Shortlist announced for National College for High Speed Rail
This was published under the 2010 to 2015 Conservative and Liberal Democrat coalition government
Four locations across the country have been shortlisted to become the home of the National College for High Speed Rail.
Four locations across the country have been shortlisted to become the home of the National College for High Speed Rail, Skills and Enterprise Minister Matthew Hancock announced today (13 June 2014). The new College ‘hub’ and a number of ‘spokes’ based across the country will provide training to the next generation of engineers working on the HS2 project and beyond.
The areas shortlisted for further development are Birmingham, Derby, Doncaster and Manchester. The quality of responses was very high overall with strong bids from many locations. All bids were assessed against a range of criteria including the size and availability of a suitable site, accessibility, and the potential to develop strong links with employers and providers already operating in the sector.
Skills and Enterprise Minister Matthew Hancock said:
I was extremely encouraged by the level of interest that has been shown by areas across the country in being part of meeting the high speed rail skills challenge. We received a number of very strong proposals, and not all can be taken forward to the final stage. However, it is clear that there is already some excellent partnership activity taking place between education providers and the rail industry across the country which is resulting in the delivery of some outstanding provision.
For the college to be a success, it will need to bring together this expertise so we can achieve high quality skills provision in this important sector. We hope that all those locations that responded to the consultation will develop strong links with the main college site, so that as many learners as possible have access to the opportunities that HS2 and other rail engineering projects will create.
Transport Minister Baroness Kramer said:
“HS2 is a vital part of our long-term economic plan, providing and safeguarding tens of thousands of jobs. The new College will equip the engineers of the future with the skills they need to secure these jobs and similar ones in the UK and across the globe.
“This new national college will operate with a ‘hub and spoke’ model, so there is huge potential for towns and cities across the country to benefit from the opportunities it will bring.”
To ensure the success of the college, BIS has appointed Terry Morgan to advise on its development. Terry Morgan is the chairman of Crossrail, chair of the National Skills Academy for Railway Engineering and was previously chief executive of Tube Lines and group managing director for BAE Systems. His first task was to oversee the selection of the shortlist and he will be involved in final phase of the selection process.
Terry Morgan said:
“Engineering skills are vital to the rail industry, and I am hugely excited to be given the opportunity to help shape the design and development of the new college. We need to ensure that the college can deliver the top class training and qualifications needed, both for high speed rail and other future infrastructure projects across the country.

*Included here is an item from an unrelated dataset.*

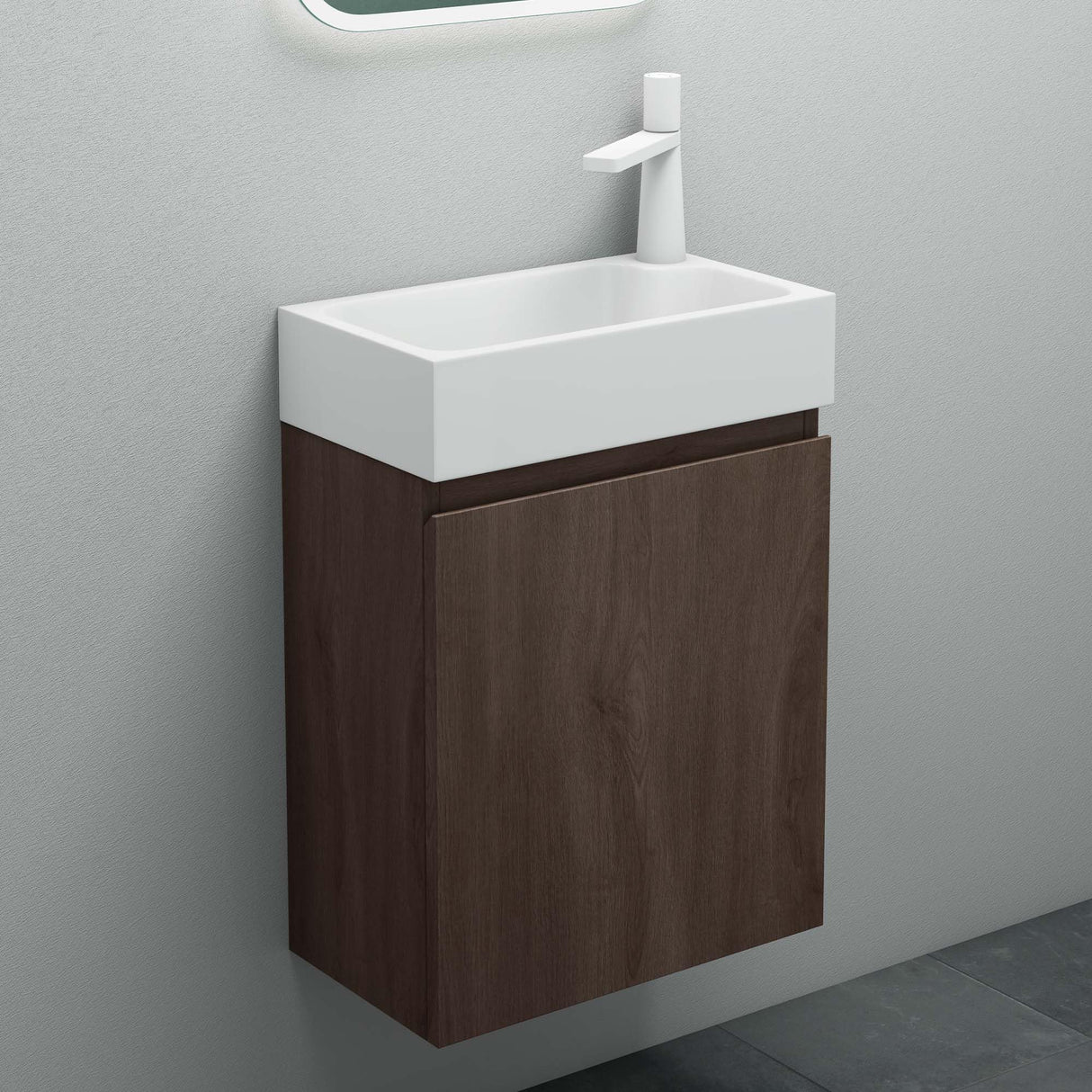 glasvilla Mobile Bagno Sospeso con Lavabo Bianco Mobiletto da Bagno 46x26x63cm Pisa02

“I came from a vocational background, and I think the high speed rail college is a fantastic opportunity to inspire a new generation of motivated young people to follow this pathway”.
Representatives from Birmingham, Derby, Doncaster and Manchester have been invited to give presentations to an Advisory Group on Friday 27 June in order for a final decision to be made in July. The group will consist of Terry Morgan, officials from the Department for Business Innovation and Skills and the Department for Transport as well officials from HS2 Limited.
The High Speed Rail College is the first specialist National College to be developed and plans are in place to create more including in nuclear, coding and energy, in the coming years.
The development of the National College for High Speed Rail is in line with the government’s Industrial Strategy. This will help the UK economy and businesses to compete and grow as well as secure jobs and increase skills for future generations.
Notes to Editors:
- The National College for High Speed Rail forms part of the government’s work with HS2 Ltd to ensure the new north-south railway delivers a tangible skills legacy that will serve the UK for the next century and continue the proud tradition the UK has for worldwide demand for its engineering expertise. It is expected that HS2 will create up to 2,000 apprentices during the lifetime of construction.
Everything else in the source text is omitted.